Cette collection si importante des Archives de la Planète offre un panorama sur plus de 50 pays et constituent aujourd’hui les collections du musée Albert-Khan, situé dans la banlieue parisienne à Boulogne-Billancourt.

Les regards de tous ces photographes montrent leurs subjectivités, qui dans le même élan, répondaient aux demandes et formaient la sensibilité de leurs publics, se frottant aux regards construits mais aussi involontaires.

 


[1] www.fai.org.lb/CurrentSite/français/fset-presentation.htm

John B. Green a voyagé en Haute Egypte et en Nubie en 1853 et 1854, et en Afrique du Nord en 1855. Photographies à la fois topographiques, architecturale ou iconographique. (Frizot, 2001 : 79).

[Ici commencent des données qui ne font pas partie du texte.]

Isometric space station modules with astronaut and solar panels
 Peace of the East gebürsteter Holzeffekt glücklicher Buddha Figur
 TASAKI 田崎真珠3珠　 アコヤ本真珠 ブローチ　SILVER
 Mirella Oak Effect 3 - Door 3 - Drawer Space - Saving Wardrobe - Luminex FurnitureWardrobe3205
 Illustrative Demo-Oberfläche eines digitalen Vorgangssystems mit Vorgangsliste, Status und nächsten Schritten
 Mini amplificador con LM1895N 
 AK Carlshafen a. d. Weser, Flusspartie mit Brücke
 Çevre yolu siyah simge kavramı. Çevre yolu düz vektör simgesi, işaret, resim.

[2] Le « Grand Tour », institution laïque, désigne les voyages entrepris par l’élite européenne à partir du 17ème siècle. Cette élite se déplace en Europe et dans le bassin méditerranéen sur de longues périodes. Elle voyage principalement en Italie, en Espagne, en Grèce, en Turquie, en Egypte, en Palestine, au Liban.

Cette pratique, parfois inscrite au programme éducatif des jeunes, est une entreprise intellectuelle, romantique, esthétique ; le voyageur s’inscrit dans les pas des explorateurs et colons, dans le mouvement du monde. Mais on ne voyage pas partout ! Le parcours est établit sur des sites précis et sur ce qui doit être vu. Ainsi, sont visités les hauts lieux de la civilisation judéo-chrétienne, sur les traces de l’épopée biblique et la découverte des monuments pharaoniques, musées, sites archéologiques, savants. L’épopée se narre au retour, illustrée à l’aquarelle, par la photographie, par le texte et fait l’objet d’une reconnaissance sociale. De « Grand tour » découlera la terminologie « tourisme ».